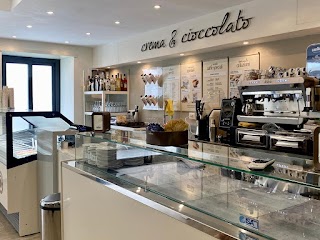 Gelateria Caffetteria Crema & Cioccolato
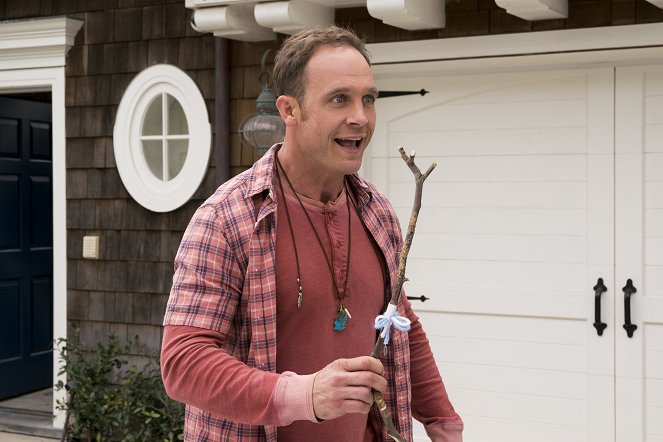 Grace and Frankie - The Scavengender Hunt - Photos - Ethan Embry
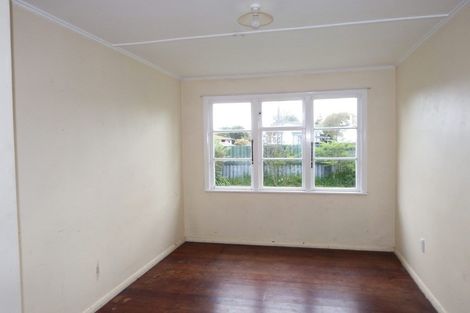 Photo of property in 2 Lambert Street, Marton, 4710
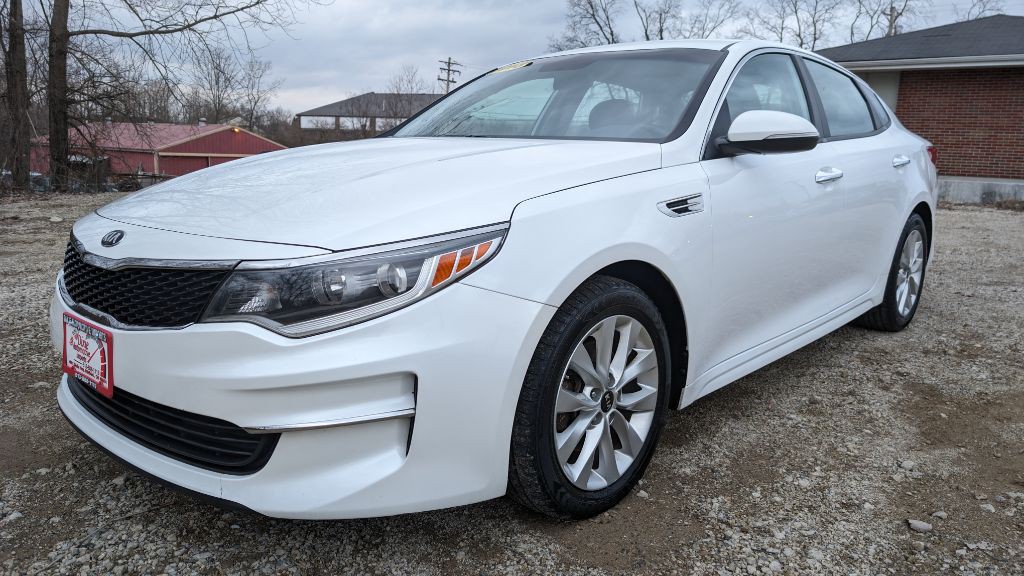 2018 Kia Optima Image 3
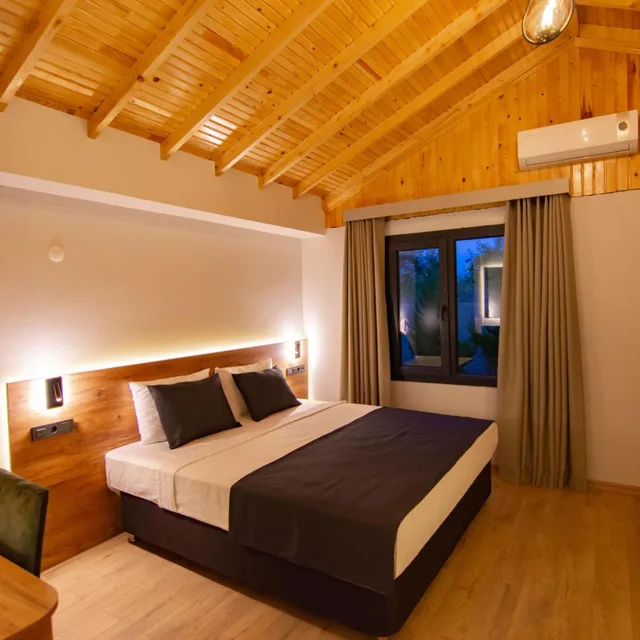 جناح، Sandal Hotel 1/9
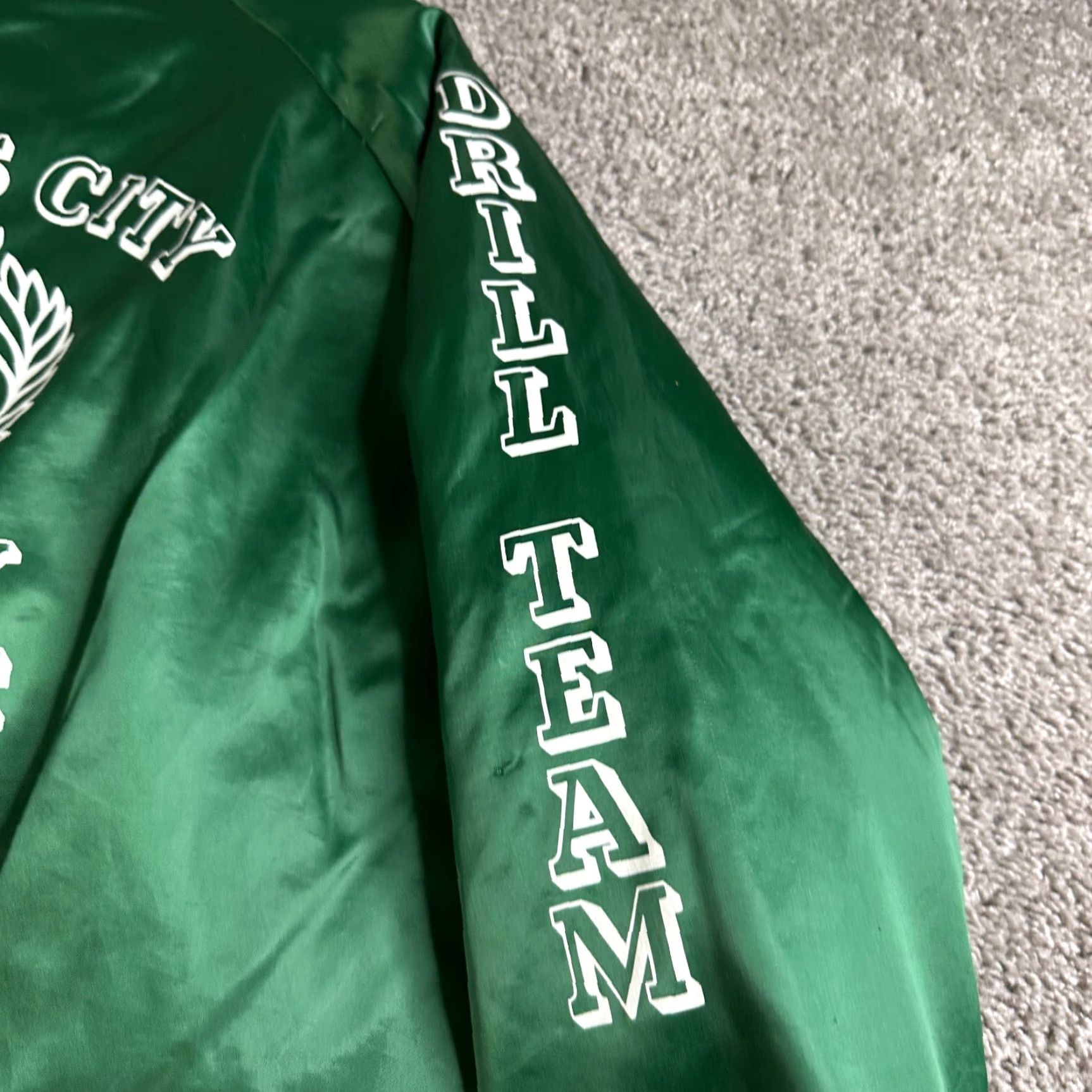 Vintage VINTAGE Nasco JACKET Bomber Shirt Mens M Green Satin Logo Pocket Memorial 90s Size US M / EU 48-50 / 2 - 6 Thumbnail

========

Work instruction:
Please retype only the lines from the line that holds "Grace and Frankie" through the end of the records, exactly as they stand, and drop every picture.

Task solution:
 Grace and Frankie - The Scavengender Hunt - Photos - Ethan Embry
 Photo of property in 2 Lambert Street, Marton, 4710
 2018 Kia Optima Image 3
 جناح، Sandal Hotel 1/9
 Vintage VINTAGE Nasco JACKET Bomber Shirt Mens M Green Satin Logo Pocket Memorial 90s Size US M / EU 48-50 / 2 - 6 Thumbnail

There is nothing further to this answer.